One of my family members came up with the idea. What if we just took the quarters and put 7 of them into the machine? The answer, of course, is that you get to do a load of laundry. No loonies required.

It’s remarkable to me that a household of highly-educated people could have missed this for so long. Talk about the obvious. And yet a machine with one slot for quarters and one for loonies has a subliminal ambiguity built into it. Is this a system which provides options, or is it delineating the requirements? Sub-consciouly we had decided upon the latter: there’s a slot for loonies and quarters because 1+3 is the inviolable rule.

It got me wondering about how many versions of this I’m living in my life, right now. Where else am I unnecessarily putting loonies and quarters into slots, metaphorically speaking? What else am I doing uncritically, mechanically, unconsciously? How many insights, breakthroughs, leaps, mind expansions, and personal liberations could I be effecting?

The lesson I’ve drawn is that opportunity is all around. What is required is a mindset that is ever-vigilant, always on the lookout for a new and better way: a mental attitude that says “don’t limit yourself by tacitly accepting things as they are.” There is always another way, if you go looking for it.
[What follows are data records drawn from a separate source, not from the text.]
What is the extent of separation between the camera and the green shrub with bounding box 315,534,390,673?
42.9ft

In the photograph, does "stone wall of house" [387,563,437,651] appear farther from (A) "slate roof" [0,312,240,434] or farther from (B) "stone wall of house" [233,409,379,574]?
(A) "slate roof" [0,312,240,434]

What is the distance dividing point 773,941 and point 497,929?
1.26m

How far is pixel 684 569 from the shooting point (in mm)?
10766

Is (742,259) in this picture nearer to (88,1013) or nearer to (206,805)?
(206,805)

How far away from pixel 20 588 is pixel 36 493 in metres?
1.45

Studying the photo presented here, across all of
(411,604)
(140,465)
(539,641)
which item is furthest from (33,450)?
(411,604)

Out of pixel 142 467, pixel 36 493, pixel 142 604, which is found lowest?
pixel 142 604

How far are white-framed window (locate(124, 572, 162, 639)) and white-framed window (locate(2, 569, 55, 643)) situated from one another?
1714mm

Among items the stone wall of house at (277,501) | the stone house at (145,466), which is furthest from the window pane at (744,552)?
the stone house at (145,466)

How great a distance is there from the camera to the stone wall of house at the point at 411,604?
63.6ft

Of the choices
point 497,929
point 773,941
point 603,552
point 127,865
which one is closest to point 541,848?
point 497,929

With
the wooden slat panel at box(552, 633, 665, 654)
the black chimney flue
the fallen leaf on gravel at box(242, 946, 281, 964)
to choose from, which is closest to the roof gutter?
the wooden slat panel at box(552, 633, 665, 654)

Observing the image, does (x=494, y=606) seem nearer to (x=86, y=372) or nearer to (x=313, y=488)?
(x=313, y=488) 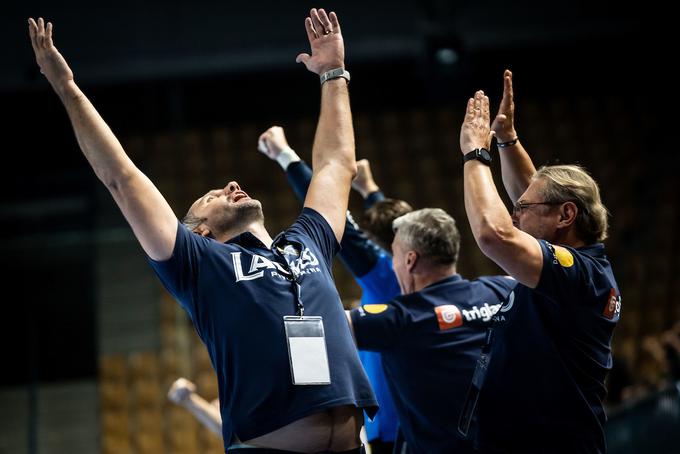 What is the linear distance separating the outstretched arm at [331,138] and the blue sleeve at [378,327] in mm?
447

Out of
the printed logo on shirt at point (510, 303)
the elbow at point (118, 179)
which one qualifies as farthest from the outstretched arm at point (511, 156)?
the elbow at point (118, 179)

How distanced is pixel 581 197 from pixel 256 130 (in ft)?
23.4

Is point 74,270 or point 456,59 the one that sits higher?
point 456,59

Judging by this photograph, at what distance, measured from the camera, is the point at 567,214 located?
2.28 m

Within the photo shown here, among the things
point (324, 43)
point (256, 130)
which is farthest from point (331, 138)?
point (256, 130)

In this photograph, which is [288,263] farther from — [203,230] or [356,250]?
A: [356,250]

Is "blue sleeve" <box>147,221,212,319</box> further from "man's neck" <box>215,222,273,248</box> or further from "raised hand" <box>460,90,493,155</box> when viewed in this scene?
"raised hand" <box>460,90,493,155</box>

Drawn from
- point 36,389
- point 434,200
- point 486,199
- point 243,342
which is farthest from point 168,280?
point 434,200

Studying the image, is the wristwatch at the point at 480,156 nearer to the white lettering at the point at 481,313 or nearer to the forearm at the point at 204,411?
the white lettering at the point at 481,313

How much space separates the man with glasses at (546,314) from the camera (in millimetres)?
2100

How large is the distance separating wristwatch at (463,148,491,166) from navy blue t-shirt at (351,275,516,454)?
61 centimetres

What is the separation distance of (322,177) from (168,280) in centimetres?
51

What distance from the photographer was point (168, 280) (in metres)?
2.05

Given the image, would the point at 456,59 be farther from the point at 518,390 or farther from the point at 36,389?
the point at 518,390
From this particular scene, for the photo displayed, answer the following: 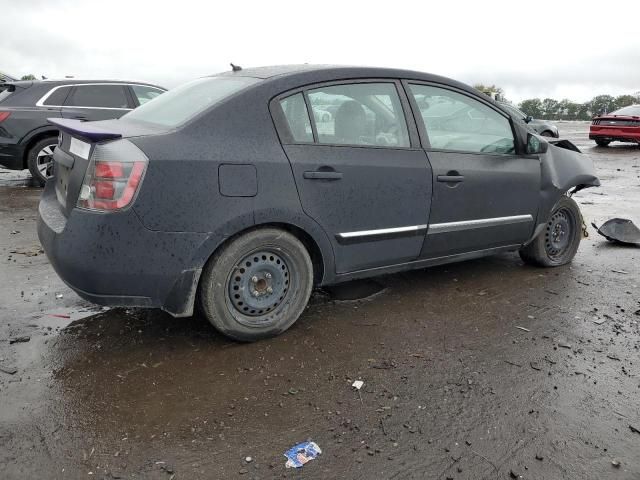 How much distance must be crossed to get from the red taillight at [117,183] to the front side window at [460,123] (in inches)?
80.6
I Envy You, Lucky Stupid People

Dumb

NOW THAT CANADA’S ten-month Winter season is over, and it’s finally almost sort-of kinda like Spring-ish, everyone is outside. The smokers are spending more time than in recent months out on the fire escape of my building, chatting with one another about the issues of the day: how to make your hair smell nice, who said what about who on Facebook (like omg!) and how amazing Katy Perry is. Yes, it’s like having C-SPAN and Noam Chomsky and Foreign Policy Magazine, all on the other side of the thin wall that separates me from my neighbors.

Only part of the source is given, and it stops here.